What you should do.
Reproduce only this range: the line holding "Yellow Organza Botanical" through the last line of the data below, both included, exactly, with no pictures.

Data segment.
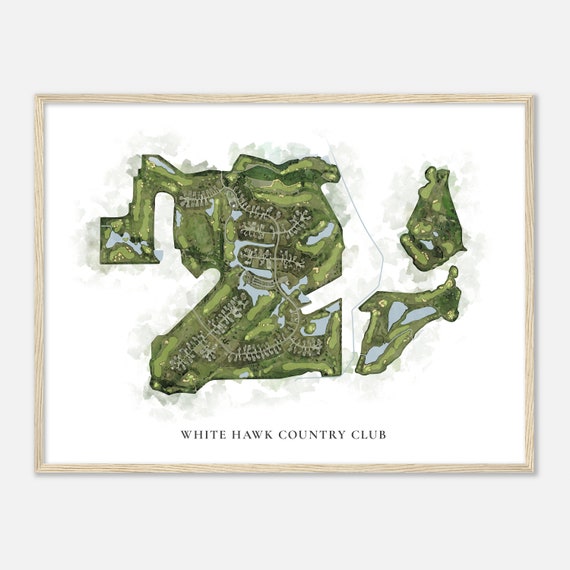 White Hawk Country Club Indiana Classic Watercolor Map Golfer Gift Golf Wall Art Golf Poster Print Course Layout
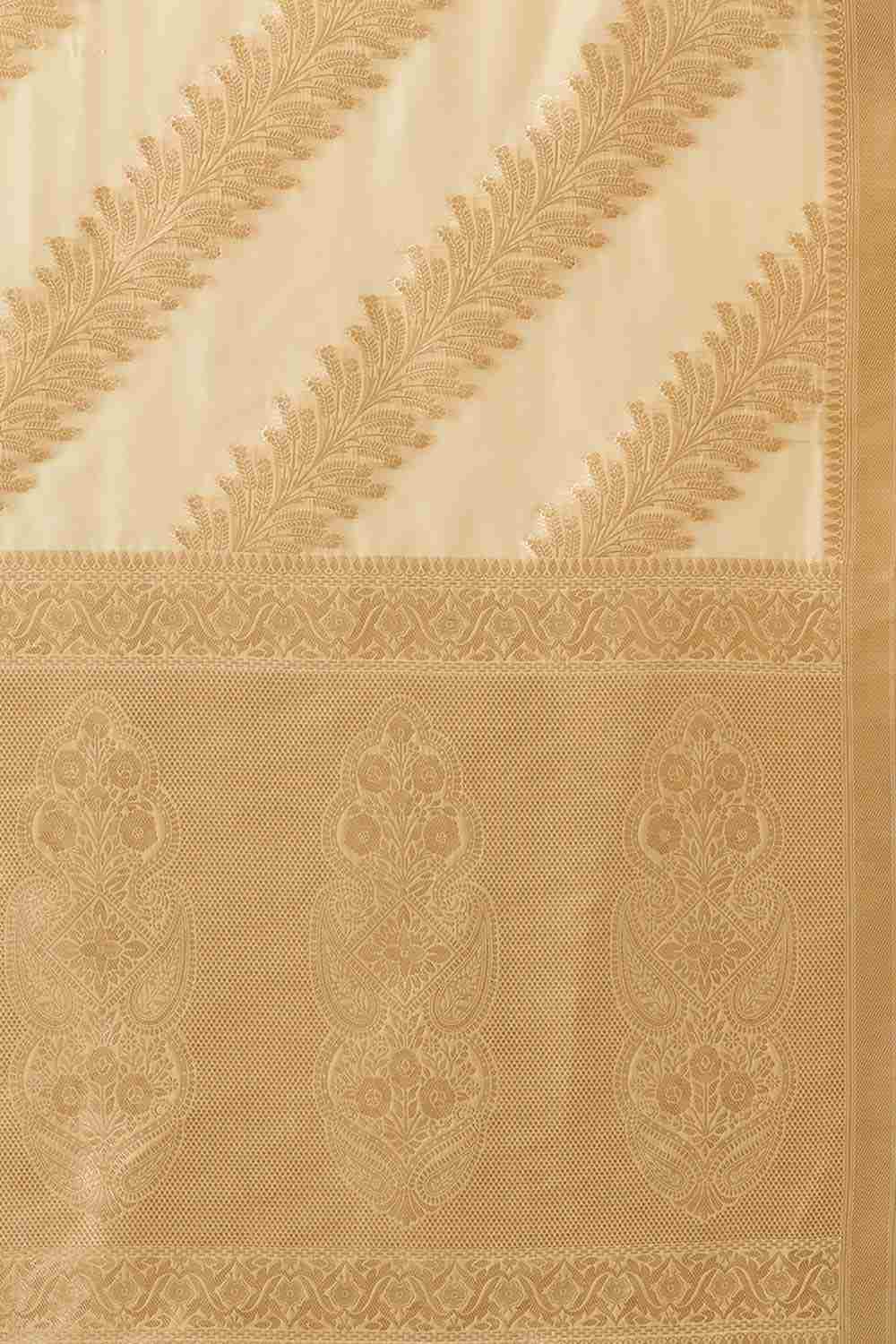 Yellow Organza Botanical Woven Design Chanderi Saree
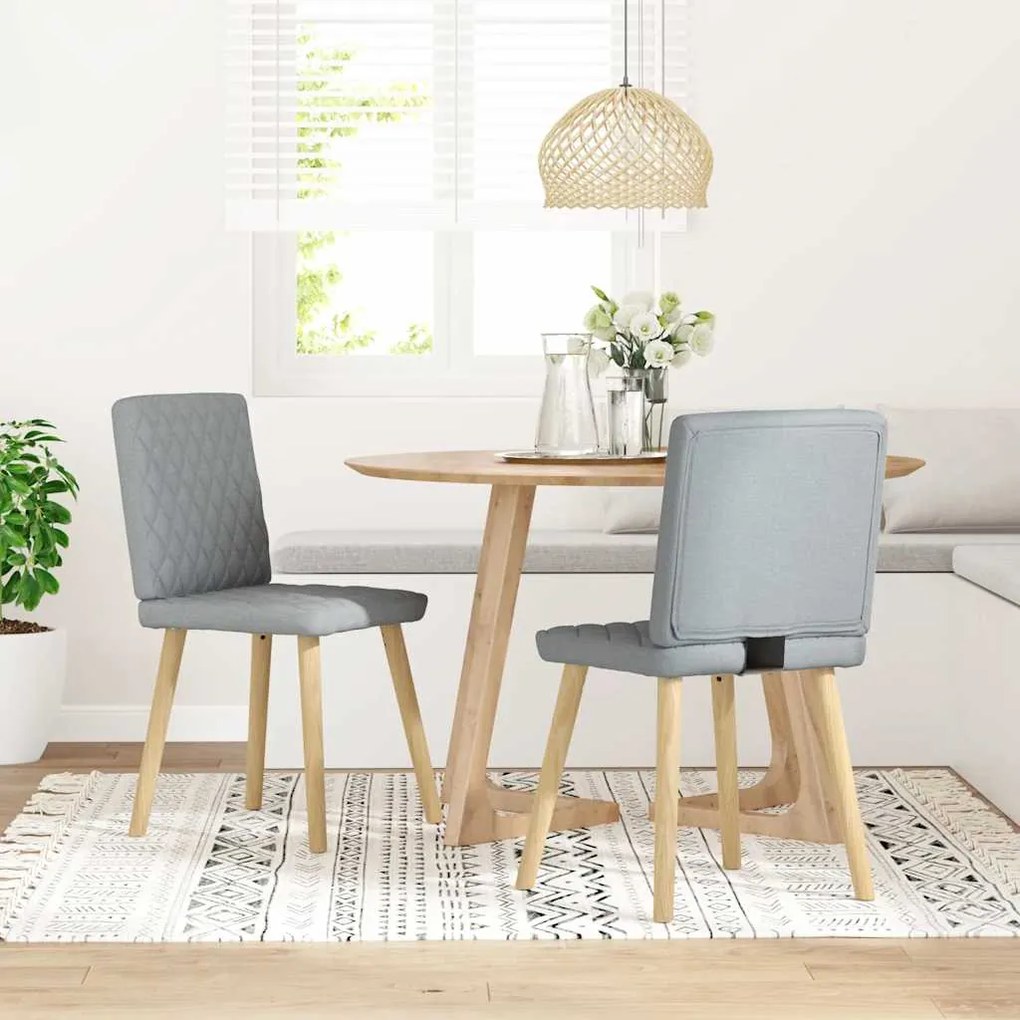 Sedie Da Pranzo 2 Pz Grigio Chiaro İn Tessuto /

Result of this task.
 Yellow Organza Botanical Woven Design Chanderi Saree
 Sedie Da Pranzo 2 Pz Grigio Chiaro İn Tessuto /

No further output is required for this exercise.